35   FINANCIAL ASSETS AND FINANCIAL LIABILITIES (CONT’D)
 
(ii)   Trade receivables
 
    These are mainly tickets sales receivable from sales agents and receivables related to uplifts by the Company on behalf of other carriers which are spread among numerous third parties.
 
(iii)   Other receivables
 
    These are spread among numerous third parties with no specific concentration of risk.
 
(iv)   Amounts due from the related companies
 
    These balances are disclosed in note 34(a).
 
(v)   Short-term investments
 
    Short-term investments are placed with a PRC financial institution which executes the buying or selling securities on behalf of the Group.

The carrying amounts of financial assets best represent their maximum credit risk exposure at the balance sheet date.

(e)   Liquidity risk

The Group finances its working capital requirements through a combination of funds generated from operations and short-term bank loans. The Group generally operates with a working capital deficit. As of December 31, 2001 and 2002, the Group’s net current liabilities amounted to RMB3,163 million and RMB7,437 million respectively. For the year ended December 31, 2001 and 2002, the Group recorded a net cash inflow from operating activities of RMB2,499 million and RMB2,160 million, respectively, a net cash outflow from investing activities and financing activities of RMB2,571 million and RMB1,587 million, respectively, and an increase in cash and cash equivalents of RMB72 million and RMB574 million, respectively.

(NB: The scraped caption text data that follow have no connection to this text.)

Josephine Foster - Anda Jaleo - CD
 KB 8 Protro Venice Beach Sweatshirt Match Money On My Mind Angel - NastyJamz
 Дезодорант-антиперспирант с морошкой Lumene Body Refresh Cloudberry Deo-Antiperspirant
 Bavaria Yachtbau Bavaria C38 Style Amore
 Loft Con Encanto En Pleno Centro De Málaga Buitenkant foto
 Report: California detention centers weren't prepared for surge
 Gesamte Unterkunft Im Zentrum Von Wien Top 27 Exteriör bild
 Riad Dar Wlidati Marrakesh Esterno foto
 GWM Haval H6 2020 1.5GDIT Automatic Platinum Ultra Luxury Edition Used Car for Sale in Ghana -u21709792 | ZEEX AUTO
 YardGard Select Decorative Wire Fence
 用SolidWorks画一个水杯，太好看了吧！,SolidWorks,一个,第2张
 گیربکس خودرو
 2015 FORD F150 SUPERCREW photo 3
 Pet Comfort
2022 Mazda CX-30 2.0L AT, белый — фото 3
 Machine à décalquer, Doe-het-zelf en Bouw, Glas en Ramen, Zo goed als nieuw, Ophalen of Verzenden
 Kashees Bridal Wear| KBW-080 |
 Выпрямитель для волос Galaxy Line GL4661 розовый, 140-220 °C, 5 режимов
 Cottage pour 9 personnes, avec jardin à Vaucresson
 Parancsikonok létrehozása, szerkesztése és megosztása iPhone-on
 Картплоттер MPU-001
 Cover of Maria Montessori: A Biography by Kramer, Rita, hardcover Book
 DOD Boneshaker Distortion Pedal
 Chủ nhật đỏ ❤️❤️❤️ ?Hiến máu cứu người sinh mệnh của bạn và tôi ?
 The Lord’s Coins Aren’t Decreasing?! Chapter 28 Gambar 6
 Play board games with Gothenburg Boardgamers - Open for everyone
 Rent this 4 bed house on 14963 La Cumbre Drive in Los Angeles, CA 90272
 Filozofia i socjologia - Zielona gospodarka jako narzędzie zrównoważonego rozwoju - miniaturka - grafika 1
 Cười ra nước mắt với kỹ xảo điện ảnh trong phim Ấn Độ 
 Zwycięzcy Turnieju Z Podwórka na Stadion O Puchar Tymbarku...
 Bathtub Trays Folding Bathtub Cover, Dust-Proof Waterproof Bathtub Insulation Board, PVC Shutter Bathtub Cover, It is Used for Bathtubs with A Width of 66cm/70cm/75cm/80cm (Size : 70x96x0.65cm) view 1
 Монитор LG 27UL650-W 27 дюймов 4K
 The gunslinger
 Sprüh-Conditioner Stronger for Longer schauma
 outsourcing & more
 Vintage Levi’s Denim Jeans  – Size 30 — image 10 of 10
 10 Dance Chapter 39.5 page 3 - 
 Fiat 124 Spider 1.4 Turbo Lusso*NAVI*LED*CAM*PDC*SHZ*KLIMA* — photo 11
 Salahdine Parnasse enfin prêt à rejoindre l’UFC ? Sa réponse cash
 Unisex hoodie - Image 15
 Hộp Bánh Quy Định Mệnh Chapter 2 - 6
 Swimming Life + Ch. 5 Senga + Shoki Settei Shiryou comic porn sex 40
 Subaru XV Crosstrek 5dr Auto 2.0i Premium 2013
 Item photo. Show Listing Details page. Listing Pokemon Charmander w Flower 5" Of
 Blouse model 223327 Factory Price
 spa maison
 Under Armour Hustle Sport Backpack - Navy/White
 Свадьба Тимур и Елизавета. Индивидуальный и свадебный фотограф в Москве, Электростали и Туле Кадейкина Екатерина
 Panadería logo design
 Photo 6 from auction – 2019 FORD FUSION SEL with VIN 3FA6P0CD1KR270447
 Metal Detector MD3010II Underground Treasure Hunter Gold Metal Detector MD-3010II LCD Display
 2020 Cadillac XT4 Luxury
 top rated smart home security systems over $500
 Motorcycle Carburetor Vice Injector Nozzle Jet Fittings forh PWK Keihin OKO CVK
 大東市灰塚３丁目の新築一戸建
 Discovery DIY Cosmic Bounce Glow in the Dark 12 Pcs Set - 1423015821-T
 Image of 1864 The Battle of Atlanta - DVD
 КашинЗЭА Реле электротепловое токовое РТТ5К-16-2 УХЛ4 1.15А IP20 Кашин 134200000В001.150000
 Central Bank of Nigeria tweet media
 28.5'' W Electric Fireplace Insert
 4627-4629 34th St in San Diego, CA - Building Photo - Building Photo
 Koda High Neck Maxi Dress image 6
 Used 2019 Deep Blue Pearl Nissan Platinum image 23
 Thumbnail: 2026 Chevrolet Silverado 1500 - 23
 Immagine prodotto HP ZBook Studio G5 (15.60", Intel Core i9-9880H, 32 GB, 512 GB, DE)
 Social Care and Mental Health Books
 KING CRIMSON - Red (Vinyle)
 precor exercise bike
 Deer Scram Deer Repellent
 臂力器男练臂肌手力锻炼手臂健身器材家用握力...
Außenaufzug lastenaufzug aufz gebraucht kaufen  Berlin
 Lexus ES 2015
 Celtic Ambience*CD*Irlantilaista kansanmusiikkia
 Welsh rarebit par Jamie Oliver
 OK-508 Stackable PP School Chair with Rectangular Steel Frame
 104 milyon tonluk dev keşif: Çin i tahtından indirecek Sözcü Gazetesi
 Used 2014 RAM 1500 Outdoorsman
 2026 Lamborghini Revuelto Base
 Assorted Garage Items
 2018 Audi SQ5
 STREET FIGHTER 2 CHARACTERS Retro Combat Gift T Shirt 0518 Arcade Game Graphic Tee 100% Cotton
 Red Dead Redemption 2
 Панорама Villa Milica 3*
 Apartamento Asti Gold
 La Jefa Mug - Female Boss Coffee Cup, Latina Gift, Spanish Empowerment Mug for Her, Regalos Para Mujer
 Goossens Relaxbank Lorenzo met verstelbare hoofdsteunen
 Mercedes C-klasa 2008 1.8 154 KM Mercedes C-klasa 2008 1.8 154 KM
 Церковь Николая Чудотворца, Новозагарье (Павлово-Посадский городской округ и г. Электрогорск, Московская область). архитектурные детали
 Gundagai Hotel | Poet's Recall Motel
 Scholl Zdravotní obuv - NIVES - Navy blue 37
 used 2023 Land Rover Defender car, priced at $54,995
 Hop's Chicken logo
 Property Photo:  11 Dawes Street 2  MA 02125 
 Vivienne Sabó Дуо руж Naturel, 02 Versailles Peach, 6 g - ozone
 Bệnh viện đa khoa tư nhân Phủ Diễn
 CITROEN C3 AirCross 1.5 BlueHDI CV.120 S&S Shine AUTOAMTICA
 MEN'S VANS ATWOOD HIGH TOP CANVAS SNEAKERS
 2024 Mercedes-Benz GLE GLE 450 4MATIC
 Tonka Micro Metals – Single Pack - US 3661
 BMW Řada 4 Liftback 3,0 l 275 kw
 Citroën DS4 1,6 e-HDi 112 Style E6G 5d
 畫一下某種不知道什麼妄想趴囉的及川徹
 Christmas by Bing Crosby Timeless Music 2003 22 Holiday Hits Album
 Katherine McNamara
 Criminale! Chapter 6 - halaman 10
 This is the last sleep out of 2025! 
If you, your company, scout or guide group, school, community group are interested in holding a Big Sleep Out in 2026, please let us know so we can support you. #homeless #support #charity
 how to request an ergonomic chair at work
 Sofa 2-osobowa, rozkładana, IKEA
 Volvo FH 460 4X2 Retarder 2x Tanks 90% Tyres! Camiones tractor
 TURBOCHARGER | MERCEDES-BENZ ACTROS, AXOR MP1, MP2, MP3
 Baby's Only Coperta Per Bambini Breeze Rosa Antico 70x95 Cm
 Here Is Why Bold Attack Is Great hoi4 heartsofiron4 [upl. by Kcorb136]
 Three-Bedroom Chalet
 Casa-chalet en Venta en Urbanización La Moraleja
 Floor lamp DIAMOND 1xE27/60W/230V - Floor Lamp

The directors of Company believe that cash from operations and short-term bank borrowings will be sufficient to meet the Group’s operating cash flow. Due to the dynamic nature of the underlying businesses, the Group treasury aims at maintaining flexibility in funding by keeping committed credit lines available. The directors of the Company believe that the Group has obtained sufficient general credit facilities from PRC banks for financing future capital commitments and for working capital purposes.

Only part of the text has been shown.